THE LIVER: FROM PHYSIOPATHOLOGY TO THE BEDSIDE

Giorgina Mieli Vergani
Professor of Paediatric Hepatology
Dept of Child Health, King’s College School of Medicine and Dentistry, London, UK

The liver plays a major role in metabolism, maintaining within narrow limits the supply of carbohydrates, proteins, lipids and macromolecules to other tissues, in spite of wide variations in dietary intake and in metabolic demands. It is involved in the chemical transformation of many endogenous and exogenous substances, thereby changing their metabolic, therapeutic or toxic effects and facilitating their biliary excretion. By forming bile it contributes to digestion and absorption. It serves as a store for carbohydrates in the form of glycogen, and also for the fat-soluble vitamins, A, D, E and K and vitamin B12.

Bilirubin metabolism

Bilirubin has a limited aqueous solubility at physiological pH. It is carried from the reticulo-endothelial system to the liver in the circulation firmly bound to albumin. Within the liver a poorly-understood but very efficient mechanism dissociates bilirubin from albumin and the bilirubin passes into the hepatocyte. What determines hepatic selectivity of bilirubin uptake is not clear. It appears that the process requires no energy but is a carrier-mediated membrane transport system. Within the hepatocytes bilirubin is transported to the endoplasmic reticulum, possibly carried by cytoplasmic proteins, such as ligandin and Z protein. In the endoplasmic reticulum an enzymatic process converts bilirubin to a water-soluble form, mainly bilirubin diglucuronide, but also to the monoglucuronide and possibly to conjugates with glucose, xylose and sulphate. The bilirubin conjugates are excreted into the biliary system by an energy-dependent process. The bilirubin is then carried in the bile to the bowel where it is converted to stercobilin and excreted in the stools. There is little or no enteric reabsorption. Enzymatic defects of bilirubin conjugation lead to massive increase in circulating unconjugated bilirubin which crosses the brain barrier with the risk of kernicterus.

Carbohydrate metabolism

Monosacccharides, glucose, galactose and fructose absorbed from the gut are avidly taken up by the liver, where they may be utilised for immediately required energy, being incorporated in the citric acid cycle, or they may be used to form glycogen. During fasting, hepatic glycogen is an invaluable source of carbohydrate, releasing glucose to other tissues and preventing hypoglycaemia. Gluconeogenesis in the liver increases with prolonged fasting utilising amino acids released from peripheral tissues. Large amounts of glycogen appear in the liver towards the end of gestation and glycogen is rapidly mobilised immediately after birth. It is thought that post-natal hypoglycaemia arises because of ineffective gluconeogenesis which does not replenish hepatic glycogen. Liver glycogen stores are lower in premature or light-for gestational age infants.
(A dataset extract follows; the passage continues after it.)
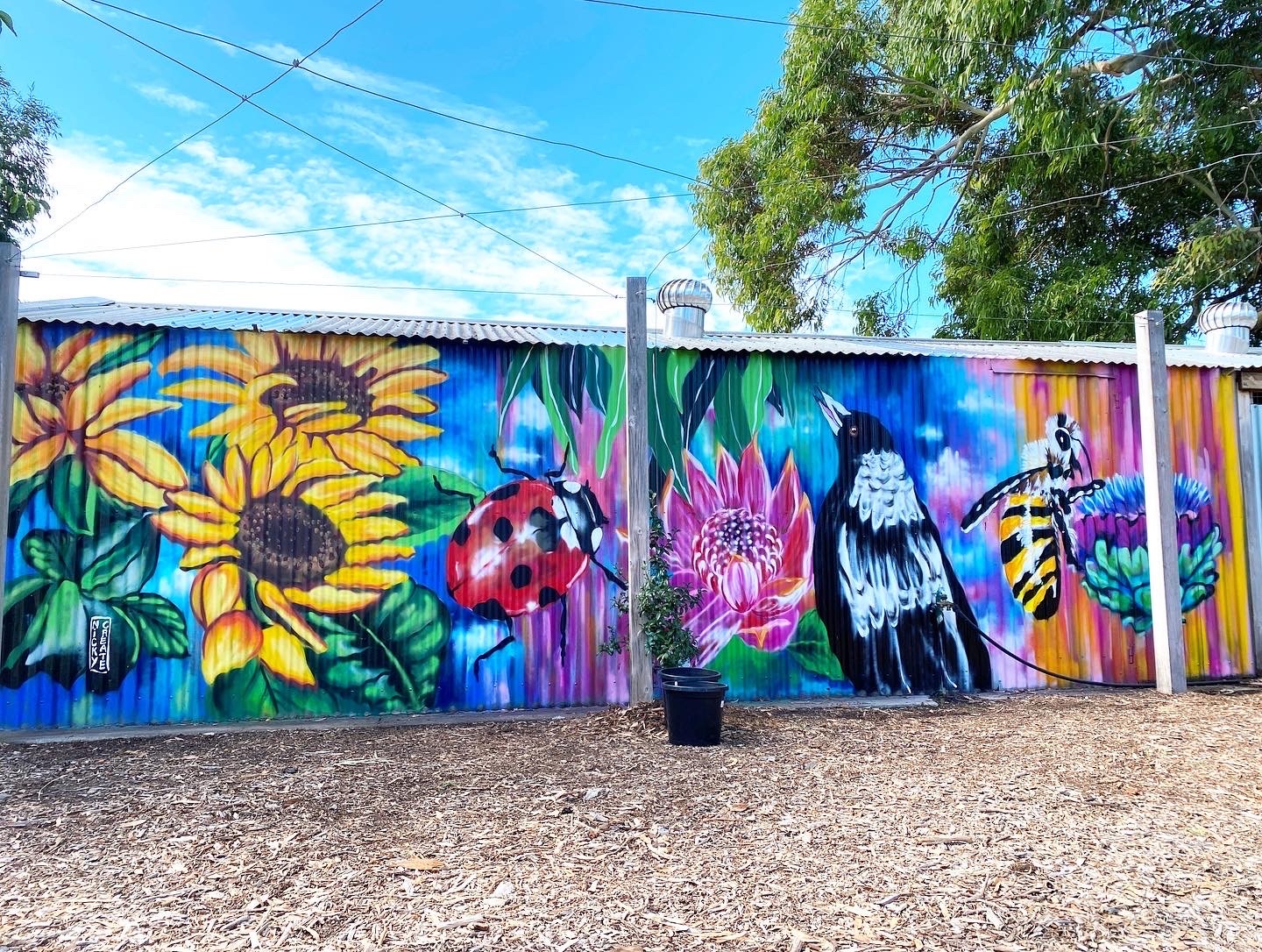 Community Garden Nicky Create Mural Artist Adelaide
Hypoglycaemia occurs in inborn errors of carbohydrate, amino acid and lipid metabolism, fulminant hepatic failure, Reye’s syndrome and with poisoning by drugs such as ethanol or hypoglycin.

Lipids and bile salts

The liver has a key role in the synthesis, catabolism and biliary excretion of lipids, lipoproteins, phospholipids, sphingolipids, cholesterol derived steroids and enzymes involved in their metabolism. Neutral fats absorbed from the small intestine are oxidised within the liver into glycerol and free fatty acids. Fatty acids may be further oxidized to acetyl coenzyme A (CoA) which enters the Kreb’s tricarboxylic acid cycle. Hepatic fat is usually triglyceride synthesised from fatty acids and glycerol-3-phosphate. There is continuous recycling of fatty acids between the liver and the adipose tissue. Hepatic uptake increases with serum fatty acid concentrations. The liver has a limited ability to oxidise fatty acids and to secrete triglycerides as very low density lipoproteins. Fat accumulation in the liver may thus occur because of increased lipolysis in adipose tissue or from hepatic derangement limiting fatty acid oxidation or triglyceride excretion. Cholesterol is synthesised in the liver, intestinal mucosa, adrenal cortex and arterial walls. It is excreted in the bile as a neutral steroid. As well as providing the basic structure for sex hormones, cholesterol is the precursor of bile salts. These are synthesised only within the liver, which also has a key role in the uptake, reabsorption and conjugation of free bile acids arriving with the portal blood . These are rapidly conjugated with glycine or taurine, prior to biliary excretion. In the newborn infant serum bile acid and cholesterol concentrations are lower than in older children or in adults. Bile acid synthesis and pool are reduced and bile acid secretion is low although there is no defect in bile acid transport. Malabsorption of fats results. All forms of hepatocellular injury and cholestasis cause mild hypertriglyceridaemia, decreased serum cholesterol esters, reduced alpha-lipoprotein and increased beta-lipoprotein concentrations. With cholestasis there is also a rise in free cholesterol and unusual lipoproteins, particularly lipoprotein X and a deficiency of cholesterol acyltransferase.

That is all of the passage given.